Task inputs:
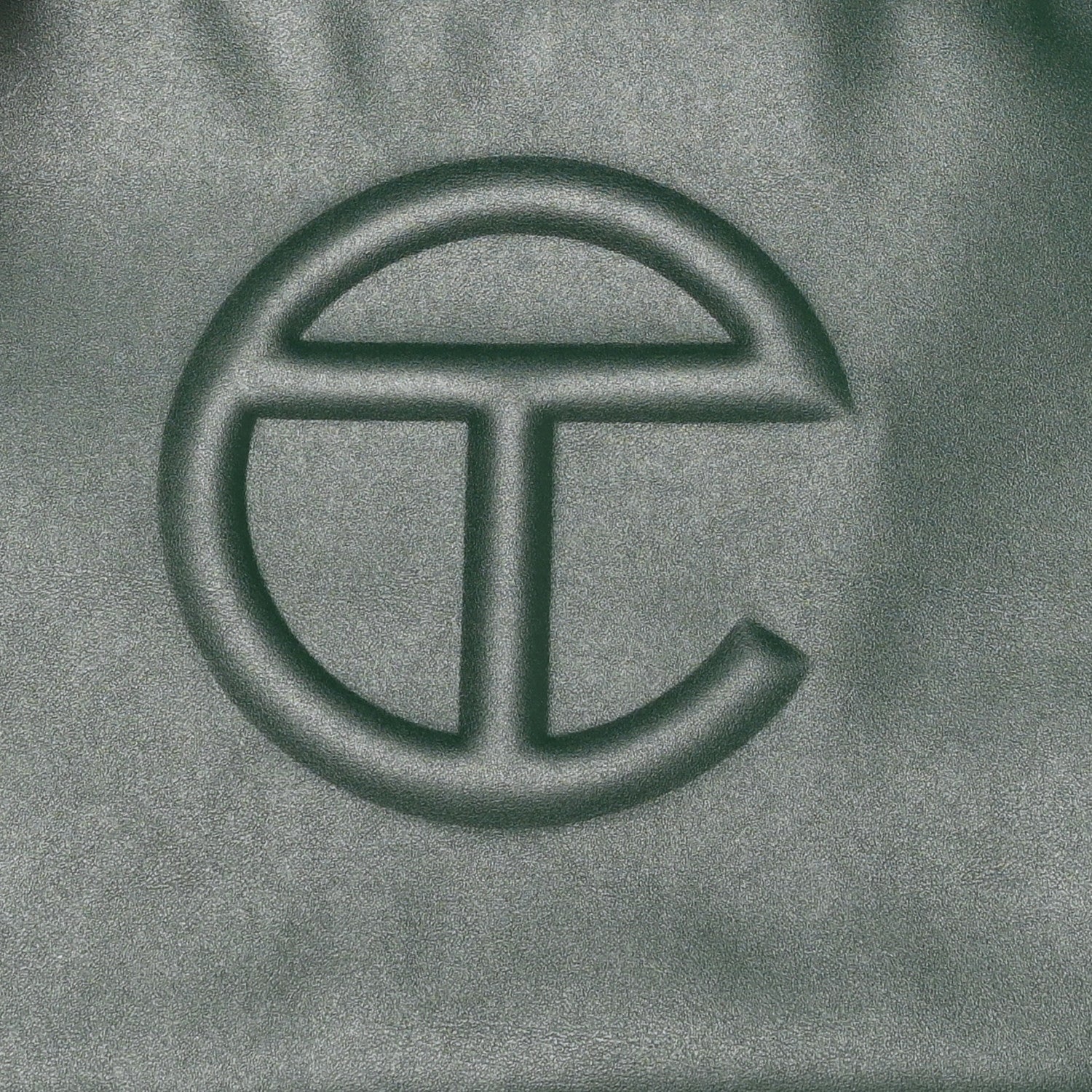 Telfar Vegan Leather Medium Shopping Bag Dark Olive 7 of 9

* * *

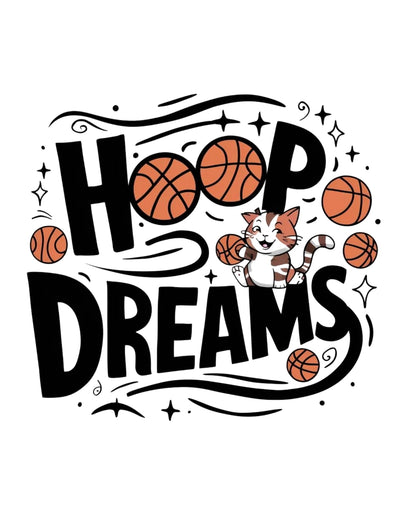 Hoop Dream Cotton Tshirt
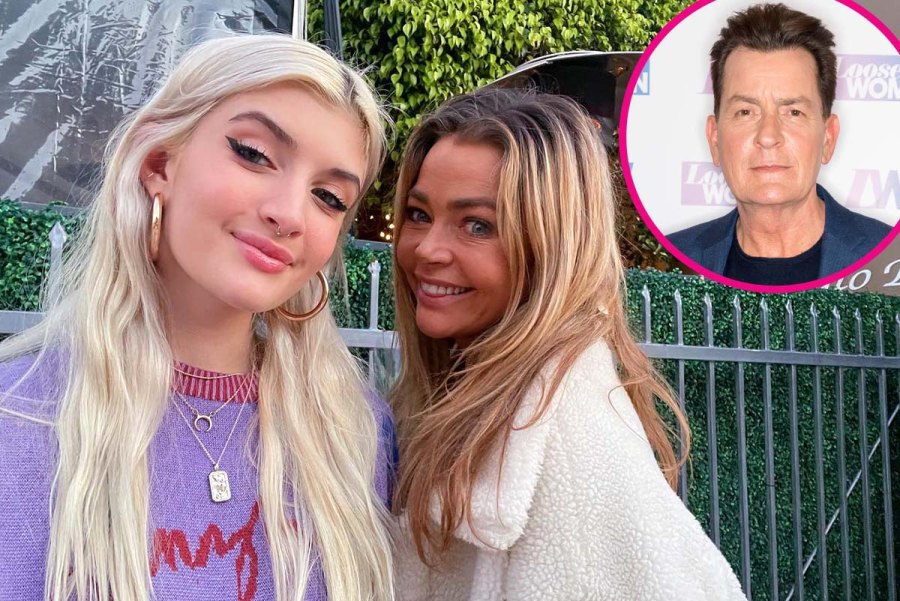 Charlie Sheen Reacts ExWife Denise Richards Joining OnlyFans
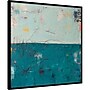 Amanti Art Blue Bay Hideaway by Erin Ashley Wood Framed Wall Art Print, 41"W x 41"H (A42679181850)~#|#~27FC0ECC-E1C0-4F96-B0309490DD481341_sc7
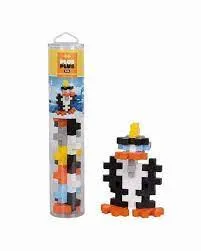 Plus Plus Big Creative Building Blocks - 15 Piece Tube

---

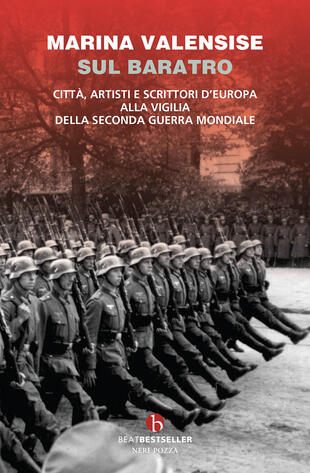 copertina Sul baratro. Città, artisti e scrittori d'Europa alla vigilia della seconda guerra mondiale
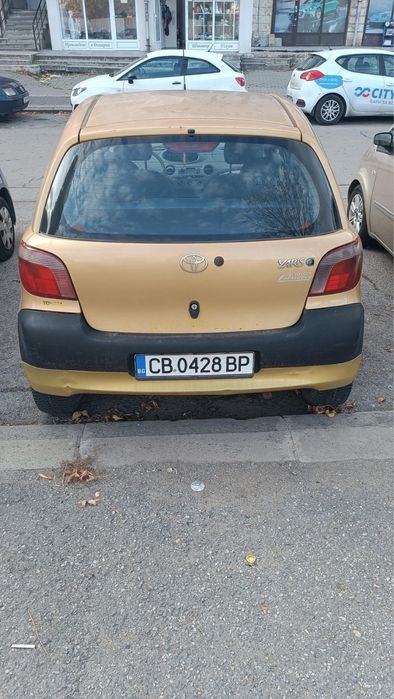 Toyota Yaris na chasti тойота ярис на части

What needs to be done:
Starting at the line above that holds "Charlie Sheen Reacts", repeat every line exactly down to and including the line that holds "Plus Plus Big", then stop. Do not carry over any pictures.

Task output:
 Charlie Sheen Reacts ExWife Denise Richards Joining OnlyFans
 Amanti Art Blue Bay Hideaway by Erin Ashley Wood Framed Wall Art Print, 41"W x 41"H (A42679181850)~#|#~27FC0ECC-E1C0-4F96-B0309490DD481341_sc7
 Plus Plus Big Creative Building Blocks - 15 Piece Tube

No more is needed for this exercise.